> What is required
When you repeat the records, keep every word exact and drop each picture.

[Listed records — start]

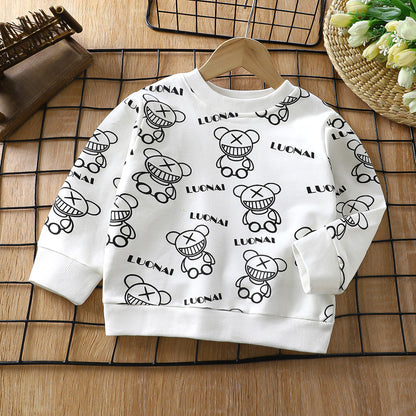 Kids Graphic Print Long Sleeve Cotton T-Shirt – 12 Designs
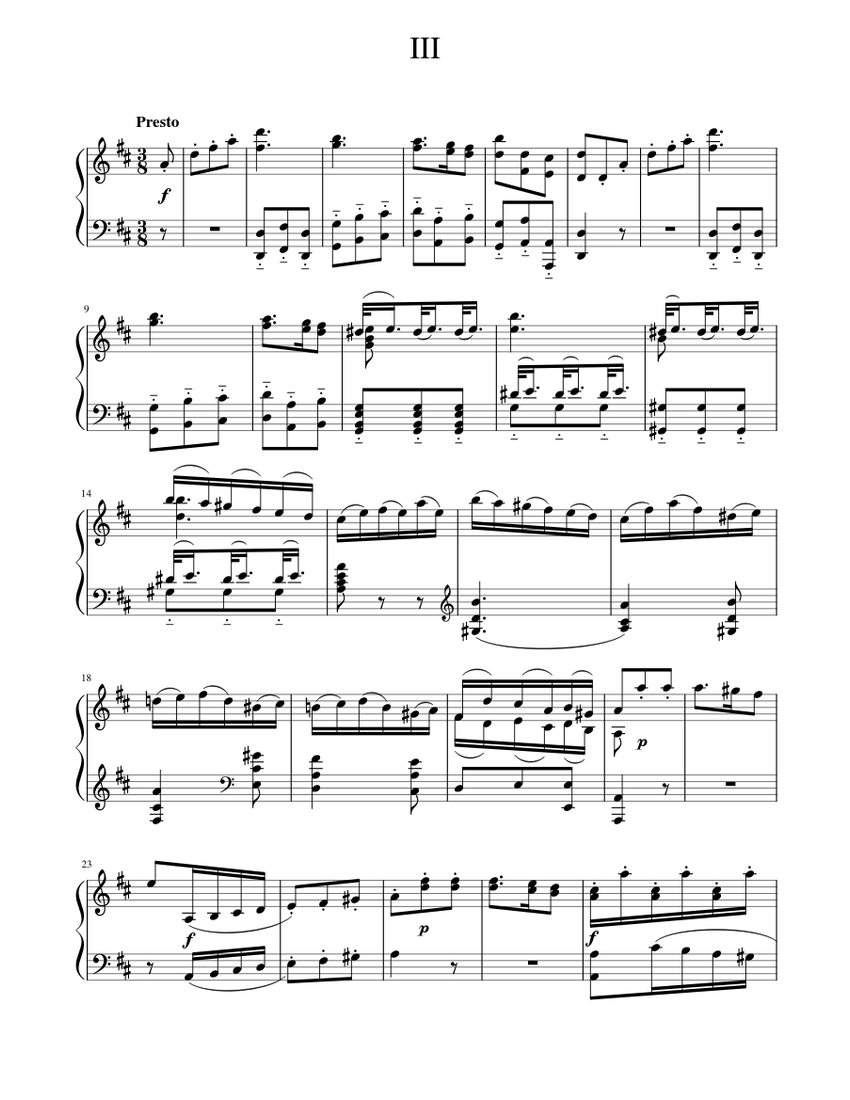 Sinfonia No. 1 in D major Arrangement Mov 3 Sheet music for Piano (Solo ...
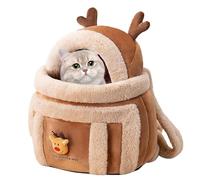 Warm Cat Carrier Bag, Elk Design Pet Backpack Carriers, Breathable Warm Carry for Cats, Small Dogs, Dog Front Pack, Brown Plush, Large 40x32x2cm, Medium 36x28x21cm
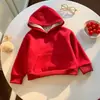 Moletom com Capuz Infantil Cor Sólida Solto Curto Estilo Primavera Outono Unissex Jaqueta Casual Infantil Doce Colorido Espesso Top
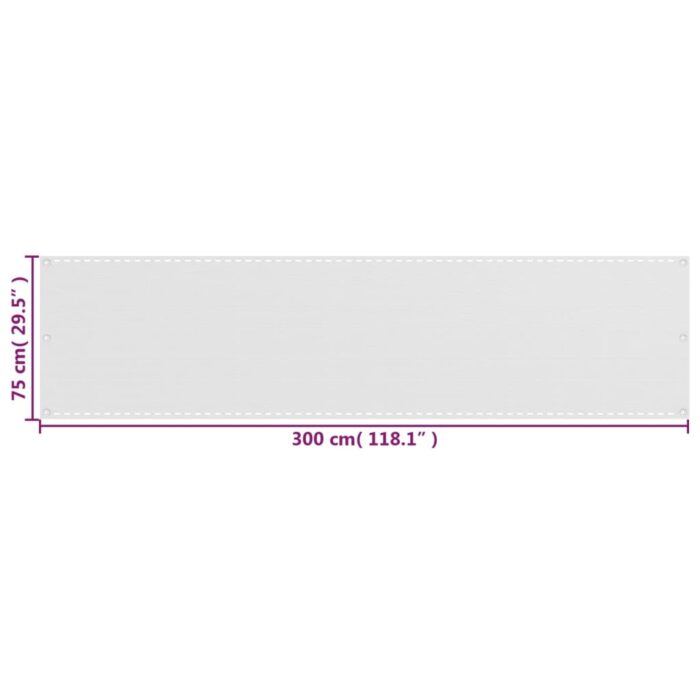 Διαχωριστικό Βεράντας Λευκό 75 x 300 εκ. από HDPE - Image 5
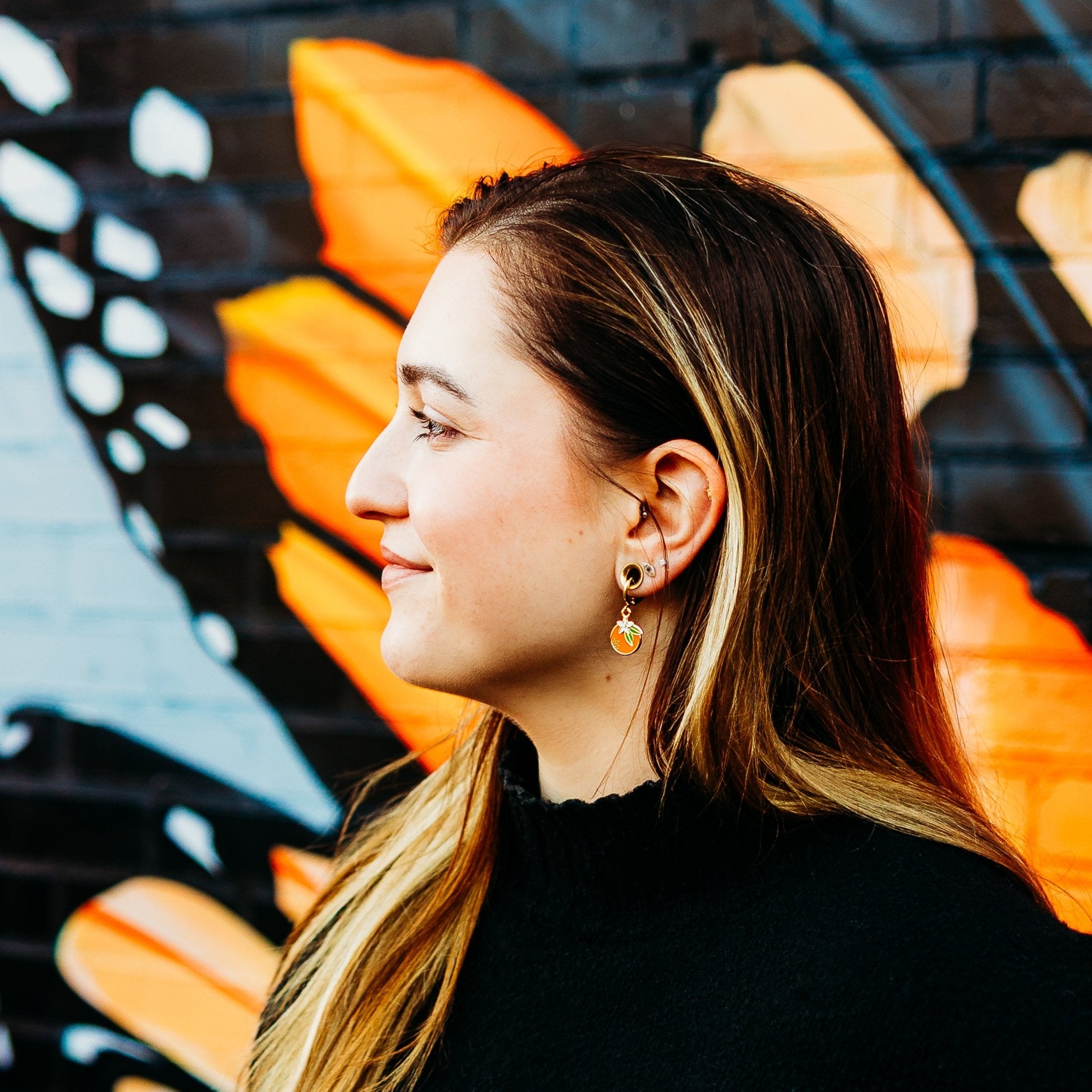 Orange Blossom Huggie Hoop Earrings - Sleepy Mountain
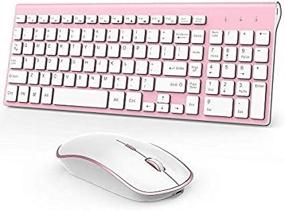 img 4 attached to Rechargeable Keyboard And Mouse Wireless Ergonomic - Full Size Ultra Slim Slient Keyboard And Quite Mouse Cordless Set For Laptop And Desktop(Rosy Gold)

[Listed records — finish]

> Final answer
 Kids Graphic Print Long Sleeve Cotton T-Shirt – 12 Designs
 Sinfonia No. 1 in D major Arrangement Mov 3 Sheet music for Piano (Solo ...
 Warm Cat Carrier Bag, Elk Design Pet Backpack Carriers, Breathable Warm Carry for Cats, Small Dogs, Dog Front Pack, Brown Plush, Large 40x32x2cm, Medium 36x28x21cm
 Moletom com Capuz Infantil Cor Sólida Solto Curto Estilo Primavera Outono Unissex Jaqueta Casual Infantil Doce Colorido Espesso Top
 Διαχωριστικό Βεράντας Λευκό 75 x 300 εκ. από HDPE - Image 5
 Orange Blossom Huggie Hoop Earrings - Sleepy Mountain
 img 4 attached to Rechargeable Keyboard And Mouse Wireless Ergonomic - Full Size Ultra Slim Slient Keyboard And Quite Mouse Cordless Set For Laptop And Desktop(Rosy Gold)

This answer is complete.